De génération il est également question dans les bassins où nagent les salmonidés.
« Comme il faut deux ans pour obtenir une truite fario de 300 g, nous avons ici jusqu’à trois générations », précise Marie-Paule. La production annuelle de fario s’élève à 12 voire 13 tonnes, 80 tonnes pour la truite arc-en-ciel et environ 7 tonnes de saumon de fontaine. « La truite fario, espèce européenne, est plus difficile à élever que l’arc-en-ciel, espèce européenne. Elle est très sensible à son environnement. »
De l’embryon a la truite mature
L’exploitation, forte de quatre salariés dont un mi-temps, achète à une entreprise landaise quatre bandes de 200 000 œufs embryonnés de truites arc-en-ciel par an. Ces derniers sont placés au laboratoire dans des auges où ils éclosent une semaine après. Les alevins sont ensuite sortis de « la pouponnière » pour rejoindre des petits bassins. Ayant des croissances différentes, les poissons sont triés en fonction de leur taille, laquelle détermine leur ration quotidienne essentiellement composée de farines de poissons. Les bassins sont alimentés par l’eau de la Boutonne où le taux d’oxygène est sans cesse surveillé. « Le débit doit être d’environ 200 litres par seconde, cela assurant un renouvellement correct de l’oxygène », explique Marie-Paule Tréhin. De l’oxygène est également injecté notamment dans les bassins des truitelles, autrement dit la truite adolescente. Lesquelles sont les plus voraces également. La température de l’eau quant à elle ne doit pas dépasser 18°C, l’idéal étant compris entre 12°C et 15°C. Il faut également veiller au bon passage dans les bassins d’une eau dépourvue de saletés ou d’autres poissons.
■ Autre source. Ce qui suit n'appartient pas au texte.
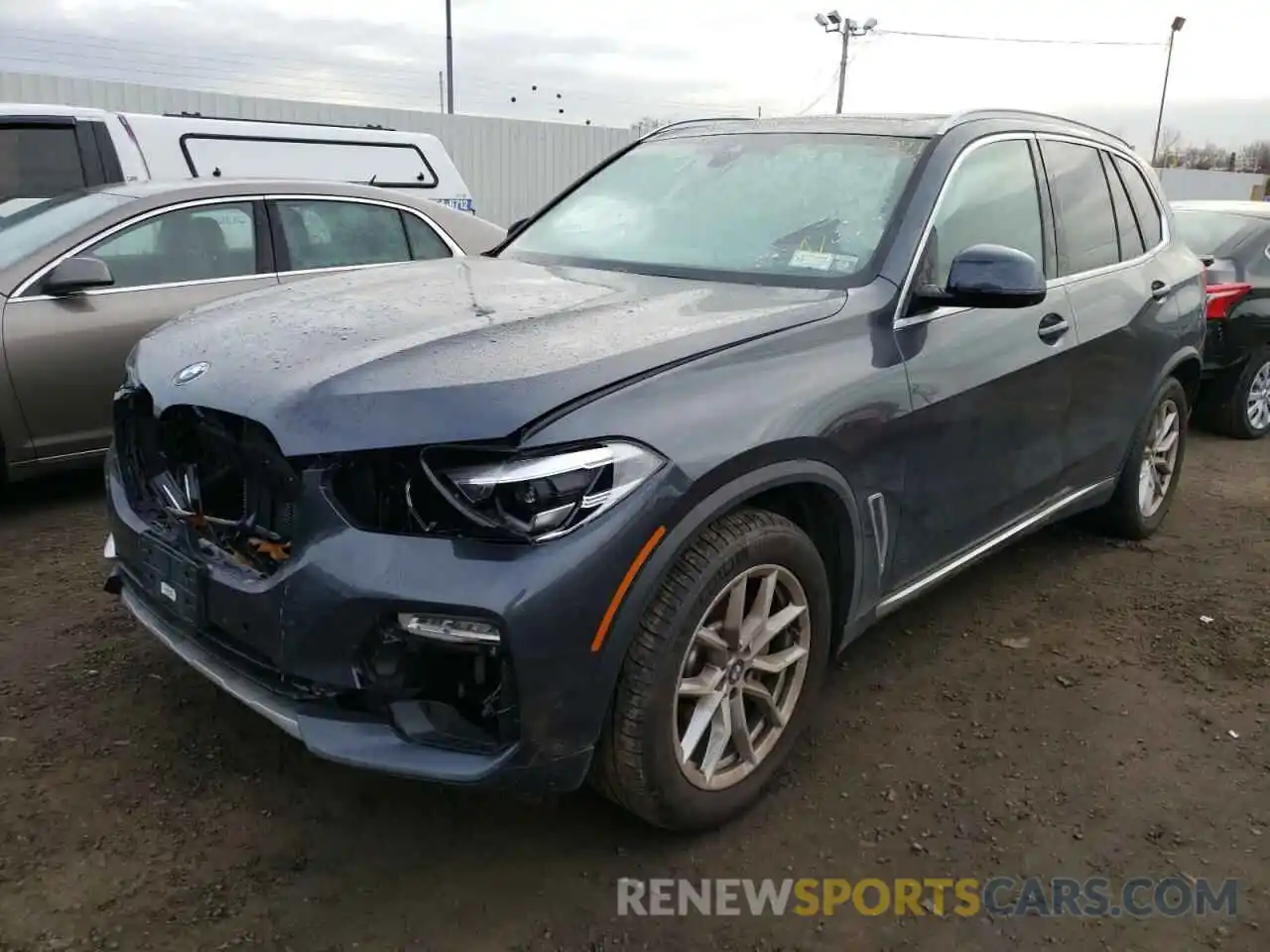 2 Photograph of a damaged car 5UXCR6C04M9F10016 BMW X5 2021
En général, les truites sont vendues au bout de 12 voire 14 mois lorsqu’elles atteignent entre 250 et 300 grammes,
« dix-huit mois pour les retardataires». Et d’ajouter : « Il faut qu’elles aient de belles nageoires pour la pêche ». Quatre-vingts pour cent de la production de la pisciculture de Lussais sont effectivement vendus vivants, destinés à la pêche (associations ou particuliers) et au repeuplement des rivières. Les 20% restants sont transformés, en frais ou en fumé, et vendus sur place, à des magasins de producteurs, supermarchés ou restaurants du département. « Nous avons su capter de nouveaux marchés », s’enorgueillit Marie-Paule Tréhin. Notamment celui de la restauration scolaire. Un travail d’orfèvre car la truite doit être vendue sous forme de pavés de 70 grammes et garantie sans arêtes. «Chaque pavé est épilé, c’est laborieux mais je suis ravie que nos poissons aient leur place dans les cantines ».
La vente d’ovules
Une autre activité, mais minoritaire, à la pisciculture de Lussais concerne la vente d’ovules. Ces derniers proviennent des truites arc-en-ciel qui produisent 100 g d’ovules par kilo une fois par an. « On plonge la truite dans un bain anesthésiant, on lui presse le ventre afin de recueillir les œufs et nous les vendons, prêts à la dégustation.»
De l’œuf à la truite mais aussi de la truite à l’œuf, la pisciculture de Lussais boucle ainsi le cycle de la vie.